Five-year follow-up study of a population-based prospective cohort of men with low-risk prostate cancer: the treatment options in prostate cancer study (TOPCS): study protocol

BMJ Open. 2022 Feb 21;12(2):e056675. doi: 10.1136/bmjopen-2021-056675.


INTRODUCTION: Active surveillance (AS) is recommended for men with low-risk prostate cancer (LRPC) to reduce overtreatment and to maintain patients’ quality of life (QOL). However, whether African American (AA) men can safely undergo AS is controversial due to concerns of more aggressive disease and lack of empirical data on the safety and effectiveness of AS in this population. Withholding of AS may lead to a lost opportunity for improving survivorship in AA men. In this study, peer-reviewed and funded by the US Department of Defense, we will assess whether AS is an equally effective and safe management option for AA as it is for White men with LRPC.

METHODS AND ANALYSIS: The project extends follow-up of a large contemporary population-based cohort of LRPC patients (n=1688) with a high proportion of AA men (~20%) and well-characterised baseline and 2-year follow-up data.

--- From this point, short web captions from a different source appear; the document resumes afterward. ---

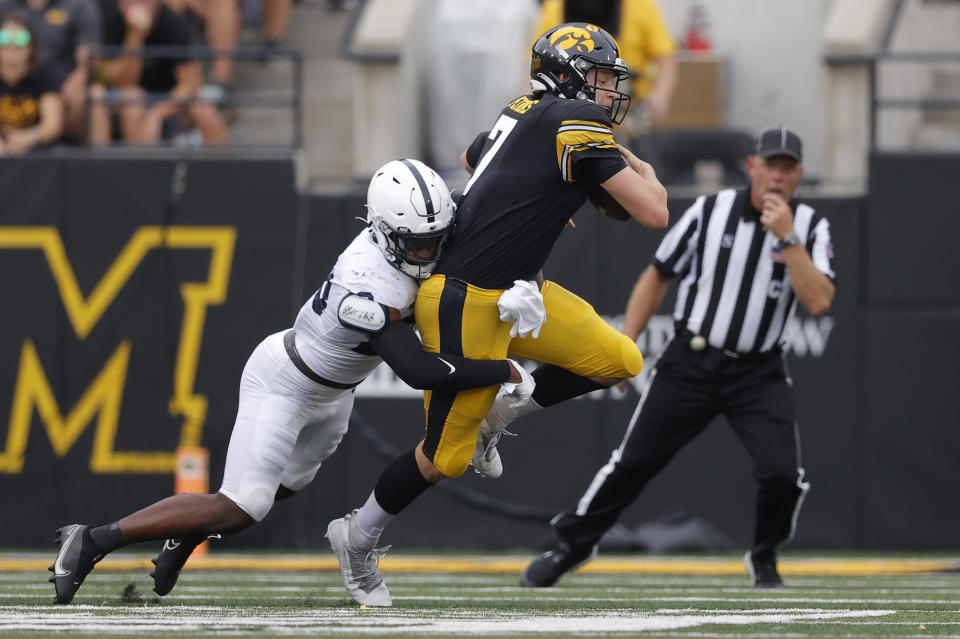 Penn State linebacker Curtis Jacobs (23) sacks Iowa quarterback Spencer Petras (7) during the first half of an NCAA college football game, Saturday, Oct. 9, 2021, in Iowa City, Iowa. (AP Photo/Matthew Putney)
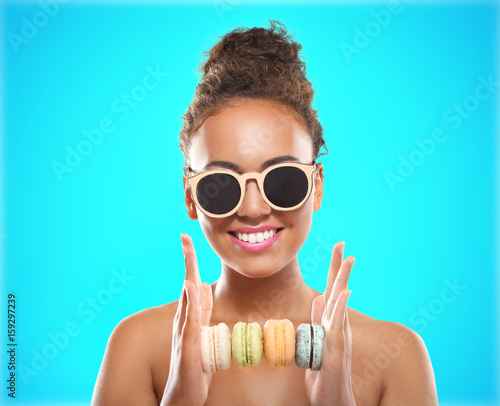 Young woman holding pile of...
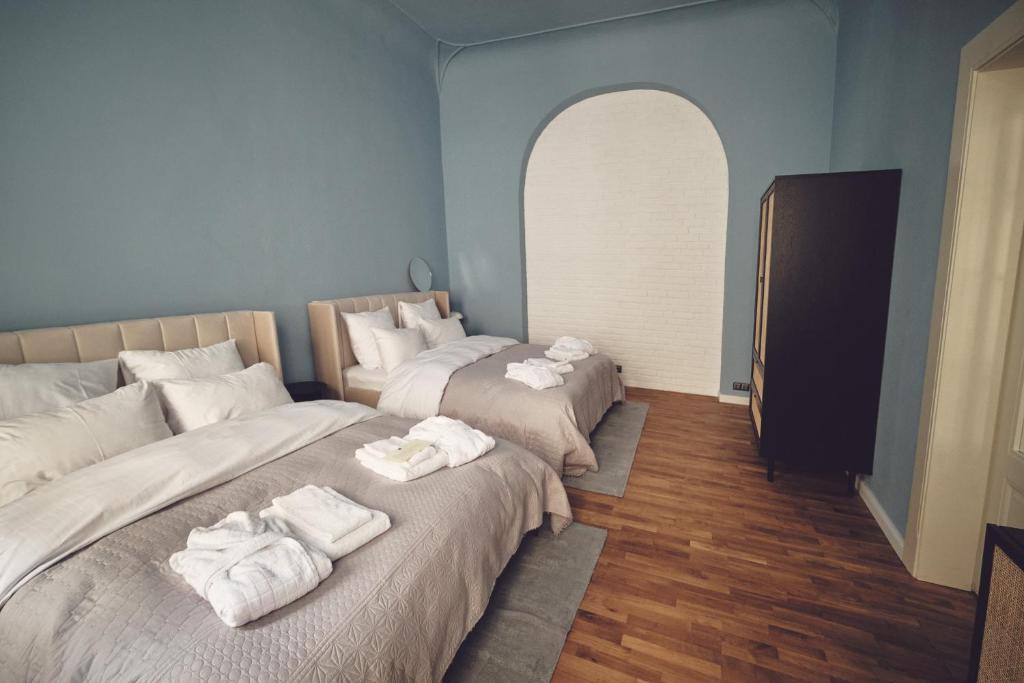 Postel nebo postele na pokoji v ubytování Domus Balthasar Boutique Hotel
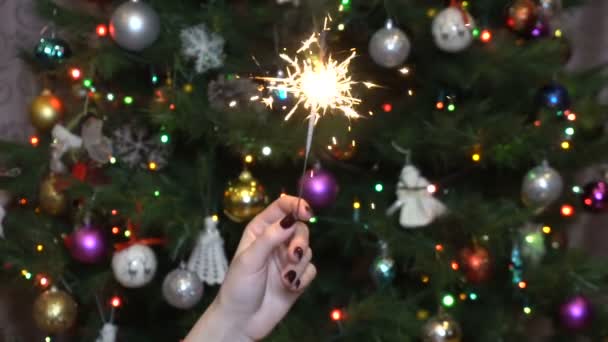 Una chica sostiene una chispa contra el fondo del árbol de Navidad lento — Vídeo de stock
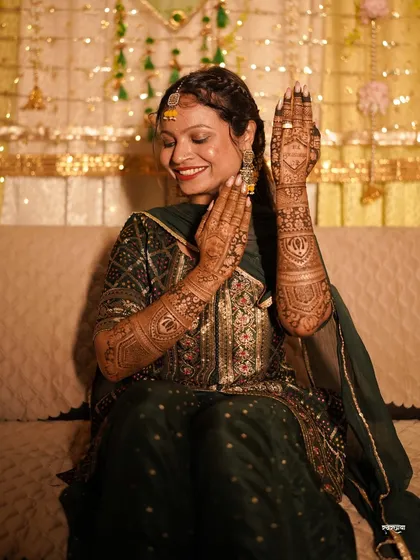 The joy on a bride's face when she shows off her finished mehendi is priceless. For me, capturing the Mehendi ceremony is about documenting the vibrant colors, the beautiful henna art, and these moments of pure, happy anticipation before the big day.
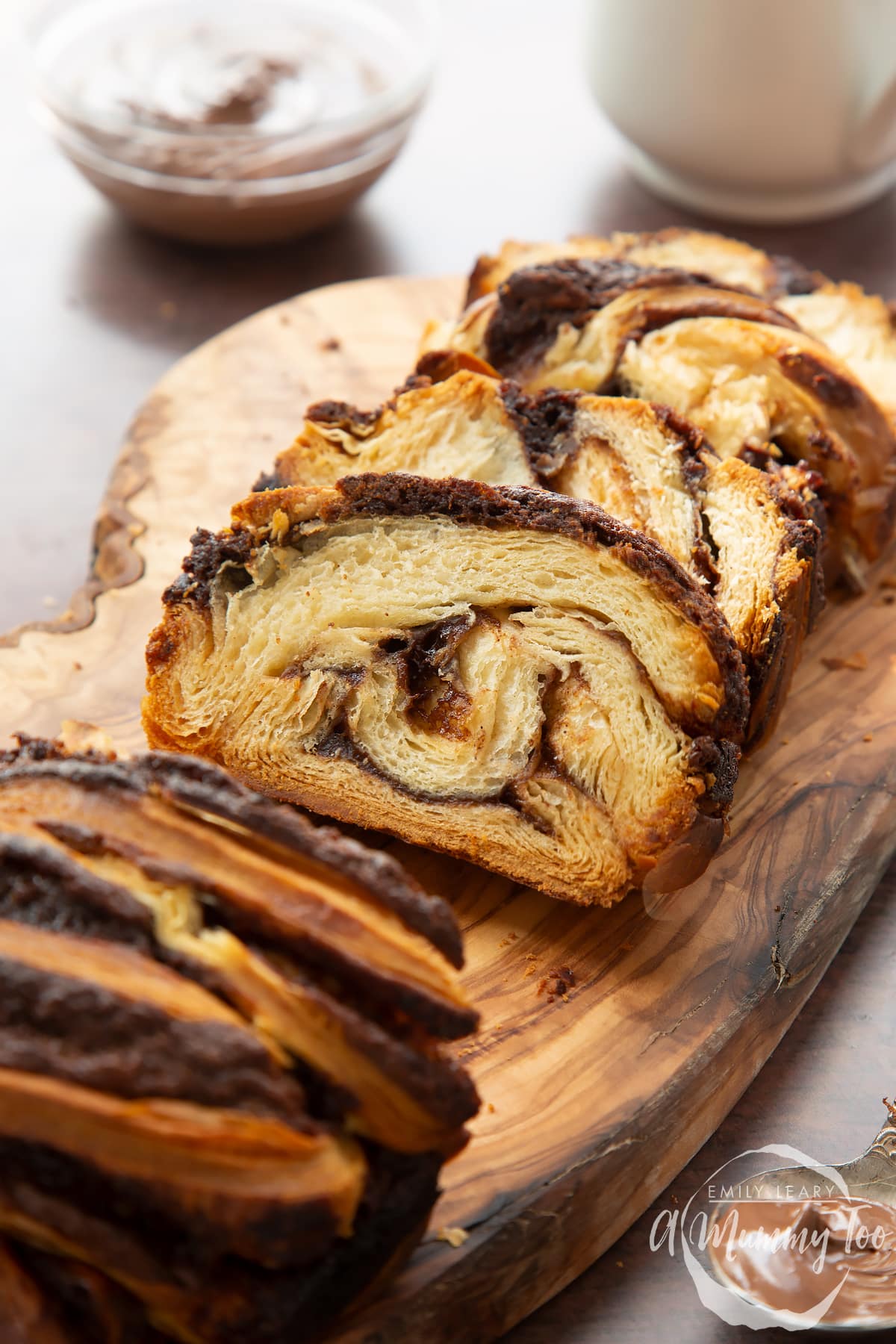 Slices of cinnamon swirl babka on a wooden board.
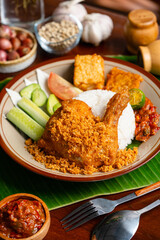 Ayam Goreng Padang. Traditional fried chicken with spice crumbs from Minangkabau, West Sumatra. 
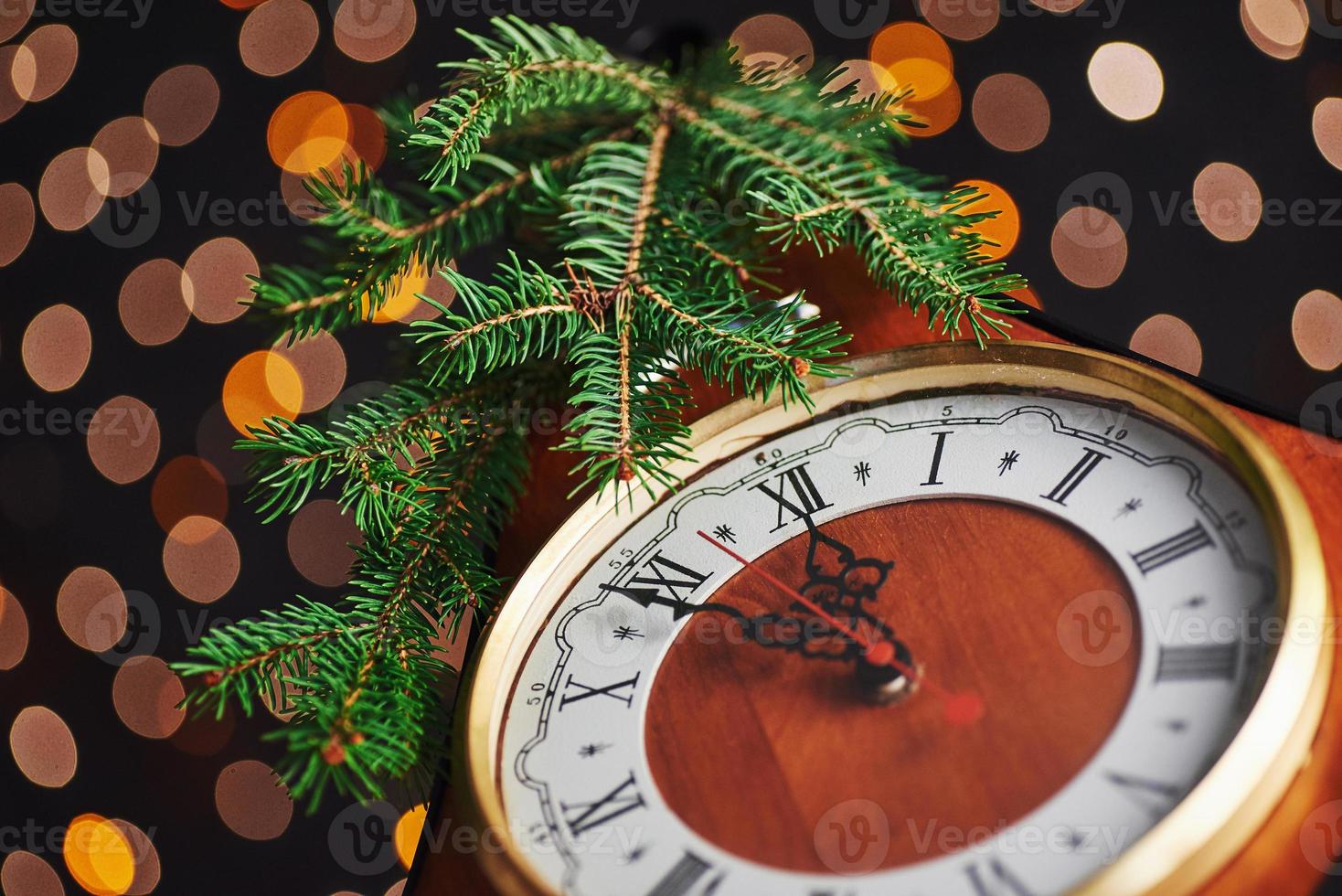 feliz año nuevo a la medianoche de 2018, viejo reloj de madera con luces navideñas y ramas de abeto foto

The objectives are to (1) determine any racial differences in AS adherence, switch rate from AS to curative treatment and time to treatment over 5 years after diagnosis, (2) compare QOL among AS group and curative treatment group over time, overall and by race and (3) evaluate whether reasons for switching from AS to curative treatment differ by race. Validation of survey responses related to AS follow-up procedures is being conducted through medical record review. We expect to obtain 5-year survey from ~900 (~20% AA) men by the end of this study to have sufficient power. Descriptive and inferential statistical techniques will be used to examine racial differences in AS adherence, effectiveness and QOL.

ETHICS AND DISSEMINATION: The parent and current studies were approved by the Institutional Review Boards at Wayne State University and Emory University. Since it is an observational study, ethical or safety risks are low. We will disseminate our findings to relevant conferences and peer-reviewed journals.